Earth's Greatest Magus

Chapter 2781 Legacy 7



Chapter 2781 Legacy 7

“This is the person you chose?… He is but a boy.”

Randhall’s fragmented voice echoed through the burning workshop, disbelief dripping from every syllable.

Vic blinked. “Sir-what is happening-why am I here-?!”

Emery placed a steady hand on Vic’s trembling shoulder.

“He doesn’t look like much,” Emery admitted, “but he is a dual master,”

Randhall grunted. “Whatever… I’ll give you five minutes.”

Emery shot up. “Five? That’s barely enough to explain anything to the boy. I need thirty.”

“Ten minutes is all you have.”

Vic’s soul form wobbled like jelly. The young magus glanced like he had just been told to lift a mountain single-handedly.

“Stay calm,” Emery said, tightening his grip on the boy’s shoulder. “You can do this.”

The words hit Vic like a divine mantra. His back straightened. His expression sharpened with dramatic resolve. “I cannot let Sir Emery down. Everyone depends on me!”

He puffed out his chest-still shaking-and leaned over the glowing metal, channeling his spirit sense into it. “How can I assist you, Sir?” he asked, voice cracking with forced confidence.

“You try your best first,” Emery said.

That single line lit a bonfire under the boy.

“Yes!! I will not fail you!”

He raised his hands. In the soul realm, tools could appear with single thoughts -what he conjured were slender sculptor’s chisels and a delicate mallet, not the heavy blacksmith gear one would expect. Vic didn’t strike like a smith; he carved like an artisan, shaping delicate jade. Precise, elegant.

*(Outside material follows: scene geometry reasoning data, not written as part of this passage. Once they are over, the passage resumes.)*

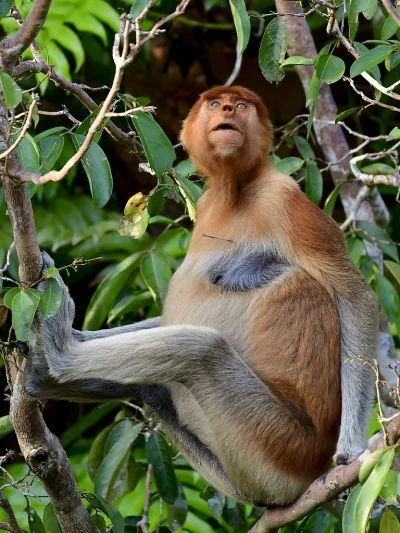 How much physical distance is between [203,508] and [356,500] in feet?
9.52

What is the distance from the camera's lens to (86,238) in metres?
5.86

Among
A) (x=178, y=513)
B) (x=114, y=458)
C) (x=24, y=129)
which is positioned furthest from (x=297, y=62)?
(x=178, y=513)

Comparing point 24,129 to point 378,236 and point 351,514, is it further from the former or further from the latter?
point 378,236

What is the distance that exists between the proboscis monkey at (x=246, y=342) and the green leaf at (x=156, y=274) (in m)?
0.19

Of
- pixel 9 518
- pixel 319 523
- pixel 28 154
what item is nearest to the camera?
pixel 28 154

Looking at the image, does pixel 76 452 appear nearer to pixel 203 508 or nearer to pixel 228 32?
pixel 203 508

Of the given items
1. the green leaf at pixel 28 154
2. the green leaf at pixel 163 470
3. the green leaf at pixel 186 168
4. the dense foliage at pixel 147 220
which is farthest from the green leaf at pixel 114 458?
the green leaf at pixel 28 154

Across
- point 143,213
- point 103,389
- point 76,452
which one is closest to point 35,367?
point 103,389

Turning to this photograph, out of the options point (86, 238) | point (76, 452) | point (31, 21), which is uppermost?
point (31, 21)

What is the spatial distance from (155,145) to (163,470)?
156 centimetres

Emery was impressed too… though he kept his expectations low. Very low.After all, he didn’t bring Vic to complete the task.

He brought him to buy time.

While Vic threw his whole soul into sculpting the volatile metal, Emery secretly coordinated with his dark avatar and VIA. The avatar had already slipped out of the vault, blinking through segmented corridors using short-range spatial rifts, working its way toward the surface to prepare an exit portal.

At the same time, VIA continued to hack into the tomb’s control systems, searching for any override that could stop the self-destruct sequence.

All of this needed to happen in ten minutes.

Time was of the essence.

Three minutes passed.

Randhall’s ghostly gaze narrowed. “You put great faith in this boy… and you haven’t joined the refinement at all.”

This pressure only pushed Vic even harder.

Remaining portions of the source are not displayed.